─── The records

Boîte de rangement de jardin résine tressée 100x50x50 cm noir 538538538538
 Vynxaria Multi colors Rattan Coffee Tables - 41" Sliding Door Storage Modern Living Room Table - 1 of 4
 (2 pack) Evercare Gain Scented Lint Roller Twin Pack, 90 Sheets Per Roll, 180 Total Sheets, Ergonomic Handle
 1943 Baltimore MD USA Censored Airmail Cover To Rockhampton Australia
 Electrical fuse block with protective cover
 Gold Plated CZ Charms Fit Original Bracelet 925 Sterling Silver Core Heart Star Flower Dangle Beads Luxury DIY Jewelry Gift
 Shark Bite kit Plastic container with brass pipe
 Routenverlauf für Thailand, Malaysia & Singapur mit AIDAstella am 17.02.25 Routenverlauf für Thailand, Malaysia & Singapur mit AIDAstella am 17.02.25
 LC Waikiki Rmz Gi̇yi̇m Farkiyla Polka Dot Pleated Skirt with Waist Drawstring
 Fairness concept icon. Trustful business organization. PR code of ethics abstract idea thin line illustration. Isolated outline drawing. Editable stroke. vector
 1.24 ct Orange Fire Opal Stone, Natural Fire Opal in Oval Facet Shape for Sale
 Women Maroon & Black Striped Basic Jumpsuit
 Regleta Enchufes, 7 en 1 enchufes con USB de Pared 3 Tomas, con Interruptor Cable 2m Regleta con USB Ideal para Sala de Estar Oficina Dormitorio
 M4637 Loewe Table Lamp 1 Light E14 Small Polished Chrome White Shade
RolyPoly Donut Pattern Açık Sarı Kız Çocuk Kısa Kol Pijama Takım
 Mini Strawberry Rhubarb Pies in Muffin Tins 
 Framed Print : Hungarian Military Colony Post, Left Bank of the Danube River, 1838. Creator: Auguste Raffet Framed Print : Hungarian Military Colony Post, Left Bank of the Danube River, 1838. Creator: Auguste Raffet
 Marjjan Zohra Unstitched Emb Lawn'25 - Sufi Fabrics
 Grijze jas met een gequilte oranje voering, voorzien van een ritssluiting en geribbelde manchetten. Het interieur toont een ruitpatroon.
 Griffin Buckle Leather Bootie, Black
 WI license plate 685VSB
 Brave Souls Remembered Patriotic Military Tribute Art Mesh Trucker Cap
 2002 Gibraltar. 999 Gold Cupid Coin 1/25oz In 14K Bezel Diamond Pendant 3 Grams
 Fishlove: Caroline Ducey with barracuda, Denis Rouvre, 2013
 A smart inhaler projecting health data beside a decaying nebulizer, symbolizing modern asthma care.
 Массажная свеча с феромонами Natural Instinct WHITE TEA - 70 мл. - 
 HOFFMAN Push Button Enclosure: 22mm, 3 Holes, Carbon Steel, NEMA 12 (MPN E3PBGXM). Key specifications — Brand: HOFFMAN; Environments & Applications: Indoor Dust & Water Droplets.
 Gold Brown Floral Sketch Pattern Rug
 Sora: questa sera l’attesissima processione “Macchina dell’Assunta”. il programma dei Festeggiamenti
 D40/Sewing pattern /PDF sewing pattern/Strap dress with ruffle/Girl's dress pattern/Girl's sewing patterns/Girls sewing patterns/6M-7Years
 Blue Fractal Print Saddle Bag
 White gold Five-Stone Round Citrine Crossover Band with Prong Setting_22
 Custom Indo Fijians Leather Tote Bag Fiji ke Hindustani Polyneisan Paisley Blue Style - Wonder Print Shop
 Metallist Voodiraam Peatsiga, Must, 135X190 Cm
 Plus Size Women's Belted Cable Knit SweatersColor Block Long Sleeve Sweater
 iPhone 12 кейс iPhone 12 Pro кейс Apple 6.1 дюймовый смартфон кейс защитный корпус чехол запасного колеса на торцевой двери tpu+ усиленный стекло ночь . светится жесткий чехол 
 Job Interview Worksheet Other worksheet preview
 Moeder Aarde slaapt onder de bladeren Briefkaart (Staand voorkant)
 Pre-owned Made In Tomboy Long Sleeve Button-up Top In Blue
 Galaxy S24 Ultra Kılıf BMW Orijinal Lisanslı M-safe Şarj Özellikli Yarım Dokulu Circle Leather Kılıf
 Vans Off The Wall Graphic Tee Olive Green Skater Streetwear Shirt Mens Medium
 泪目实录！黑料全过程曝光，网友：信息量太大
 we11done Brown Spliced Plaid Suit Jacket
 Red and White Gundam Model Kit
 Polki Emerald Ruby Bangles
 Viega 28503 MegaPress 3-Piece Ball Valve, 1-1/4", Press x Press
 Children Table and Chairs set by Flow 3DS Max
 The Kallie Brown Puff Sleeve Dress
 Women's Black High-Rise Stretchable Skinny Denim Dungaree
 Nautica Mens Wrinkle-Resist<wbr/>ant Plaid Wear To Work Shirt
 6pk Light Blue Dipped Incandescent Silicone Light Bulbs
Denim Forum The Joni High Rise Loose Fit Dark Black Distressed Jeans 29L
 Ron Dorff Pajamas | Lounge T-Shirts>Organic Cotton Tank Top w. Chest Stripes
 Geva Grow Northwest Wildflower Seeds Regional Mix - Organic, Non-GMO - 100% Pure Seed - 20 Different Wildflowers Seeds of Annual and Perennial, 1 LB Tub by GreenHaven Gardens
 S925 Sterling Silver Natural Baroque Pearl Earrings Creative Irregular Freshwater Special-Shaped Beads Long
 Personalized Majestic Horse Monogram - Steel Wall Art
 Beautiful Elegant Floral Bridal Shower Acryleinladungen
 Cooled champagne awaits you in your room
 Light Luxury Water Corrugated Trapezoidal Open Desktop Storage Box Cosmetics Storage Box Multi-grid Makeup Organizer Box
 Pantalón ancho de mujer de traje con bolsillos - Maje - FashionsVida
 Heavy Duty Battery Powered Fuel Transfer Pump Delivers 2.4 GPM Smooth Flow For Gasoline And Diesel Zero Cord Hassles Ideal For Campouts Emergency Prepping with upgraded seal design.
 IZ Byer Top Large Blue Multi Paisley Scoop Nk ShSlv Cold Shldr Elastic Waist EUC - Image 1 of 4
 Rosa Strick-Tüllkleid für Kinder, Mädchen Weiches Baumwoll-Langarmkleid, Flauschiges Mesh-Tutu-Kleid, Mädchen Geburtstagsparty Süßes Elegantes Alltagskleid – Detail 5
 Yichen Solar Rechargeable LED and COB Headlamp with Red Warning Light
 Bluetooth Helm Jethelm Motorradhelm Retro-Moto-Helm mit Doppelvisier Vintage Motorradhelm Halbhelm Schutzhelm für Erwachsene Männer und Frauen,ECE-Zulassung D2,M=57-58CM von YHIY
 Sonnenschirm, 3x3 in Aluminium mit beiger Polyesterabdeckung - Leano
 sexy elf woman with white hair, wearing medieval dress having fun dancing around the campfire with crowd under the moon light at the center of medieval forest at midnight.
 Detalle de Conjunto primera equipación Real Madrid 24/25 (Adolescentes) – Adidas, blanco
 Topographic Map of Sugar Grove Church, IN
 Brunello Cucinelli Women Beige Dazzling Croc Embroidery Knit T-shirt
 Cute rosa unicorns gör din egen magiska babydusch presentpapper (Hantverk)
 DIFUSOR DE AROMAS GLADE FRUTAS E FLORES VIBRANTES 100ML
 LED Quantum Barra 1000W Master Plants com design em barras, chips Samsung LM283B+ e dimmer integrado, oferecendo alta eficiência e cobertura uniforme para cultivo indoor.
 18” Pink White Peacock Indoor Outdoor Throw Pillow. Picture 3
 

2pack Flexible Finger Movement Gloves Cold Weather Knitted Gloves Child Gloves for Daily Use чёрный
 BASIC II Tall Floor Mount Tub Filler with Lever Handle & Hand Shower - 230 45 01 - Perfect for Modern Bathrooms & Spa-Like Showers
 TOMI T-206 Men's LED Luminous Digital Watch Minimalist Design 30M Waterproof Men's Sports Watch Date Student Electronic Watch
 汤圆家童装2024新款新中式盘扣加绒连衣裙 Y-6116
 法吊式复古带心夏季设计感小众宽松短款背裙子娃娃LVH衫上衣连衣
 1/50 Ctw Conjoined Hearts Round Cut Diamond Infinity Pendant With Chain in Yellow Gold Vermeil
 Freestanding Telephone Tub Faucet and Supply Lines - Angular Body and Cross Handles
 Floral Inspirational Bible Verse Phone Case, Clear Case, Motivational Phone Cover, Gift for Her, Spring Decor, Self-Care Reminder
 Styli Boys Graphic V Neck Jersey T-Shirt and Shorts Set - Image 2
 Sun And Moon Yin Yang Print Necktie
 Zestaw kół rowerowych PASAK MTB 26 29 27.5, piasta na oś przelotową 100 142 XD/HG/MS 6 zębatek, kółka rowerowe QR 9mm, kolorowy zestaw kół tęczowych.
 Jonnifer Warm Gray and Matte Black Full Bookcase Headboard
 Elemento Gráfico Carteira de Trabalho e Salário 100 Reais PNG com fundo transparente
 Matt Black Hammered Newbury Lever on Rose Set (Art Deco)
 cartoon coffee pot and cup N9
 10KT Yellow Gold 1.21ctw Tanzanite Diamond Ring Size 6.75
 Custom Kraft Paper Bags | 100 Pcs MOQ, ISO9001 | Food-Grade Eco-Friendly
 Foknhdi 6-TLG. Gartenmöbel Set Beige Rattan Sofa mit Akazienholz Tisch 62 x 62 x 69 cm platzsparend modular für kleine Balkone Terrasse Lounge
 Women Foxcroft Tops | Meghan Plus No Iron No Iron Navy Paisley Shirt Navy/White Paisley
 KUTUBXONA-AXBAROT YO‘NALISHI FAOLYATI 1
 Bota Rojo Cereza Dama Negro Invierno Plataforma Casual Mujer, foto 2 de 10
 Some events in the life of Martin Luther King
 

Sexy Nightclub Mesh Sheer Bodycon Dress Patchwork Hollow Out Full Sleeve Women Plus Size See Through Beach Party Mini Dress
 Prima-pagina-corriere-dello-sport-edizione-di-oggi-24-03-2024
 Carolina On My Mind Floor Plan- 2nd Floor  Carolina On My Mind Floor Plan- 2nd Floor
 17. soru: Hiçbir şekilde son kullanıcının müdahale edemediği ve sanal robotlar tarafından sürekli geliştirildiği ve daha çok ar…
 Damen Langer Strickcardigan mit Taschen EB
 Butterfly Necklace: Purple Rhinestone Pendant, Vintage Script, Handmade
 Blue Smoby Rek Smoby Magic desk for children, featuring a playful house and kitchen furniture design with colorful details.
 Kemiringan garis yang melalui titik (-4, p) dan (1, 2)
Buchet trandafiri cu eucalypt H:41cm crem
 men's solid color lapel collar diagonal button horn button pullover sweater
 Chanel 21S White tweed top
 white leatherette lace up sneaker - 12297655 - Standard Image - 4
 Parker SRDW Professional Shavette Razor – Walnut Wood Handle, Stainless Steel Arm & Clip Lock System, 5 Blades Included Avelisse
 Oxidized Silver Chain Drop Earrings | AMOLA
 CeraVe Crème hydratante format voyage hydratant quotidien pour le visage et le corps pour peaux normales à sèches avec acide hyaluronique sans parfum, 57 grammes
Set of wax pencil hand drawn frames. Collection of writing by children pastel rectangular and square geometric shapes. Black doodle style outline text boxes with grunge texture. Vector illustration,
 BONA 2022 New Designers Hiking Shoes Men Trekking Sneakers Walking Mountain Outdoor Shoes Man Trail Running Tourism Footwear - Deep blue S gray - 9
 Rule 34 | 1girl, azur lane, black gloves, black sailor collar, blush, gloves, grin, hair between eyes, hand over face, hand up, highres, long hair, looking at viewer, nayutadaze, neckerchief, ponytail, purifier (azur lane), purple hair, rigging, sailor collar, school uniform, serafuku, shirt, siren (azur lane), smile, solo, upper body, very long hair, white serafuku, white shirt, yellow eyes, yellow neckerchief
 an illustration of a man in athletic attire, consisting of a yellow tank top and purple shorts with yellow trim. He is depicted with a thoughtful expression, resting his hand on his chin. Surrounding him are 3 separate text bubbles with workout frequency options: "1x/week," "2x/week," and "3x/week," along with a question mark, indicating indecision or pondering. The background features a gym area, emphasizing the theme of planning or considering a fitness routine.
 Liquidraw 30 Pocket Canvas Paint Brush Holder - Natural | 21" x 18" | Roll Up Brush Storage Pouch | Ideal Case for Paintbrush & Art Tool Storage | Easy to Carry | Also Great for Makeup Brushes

──────

## What you should do:
Go back to the listing above. Copy word for word the lines from the one with "Auguste Raffet Framed" through the one with "Marjjan Zohra Unstitched", and nothing more.

## Written response:
 Framed Print : Hungarian Military Colony Post, Left Bank of the Danube River, 1838. Creator: Auguste Raffet Framed Print : Hungarian Military Colony Post, Left Bank of the Danube River, 1838. Creator: Auguste Raffet
 Marjjan Zohra Unstitched Emb Lawn'25 - Sufi Fabrics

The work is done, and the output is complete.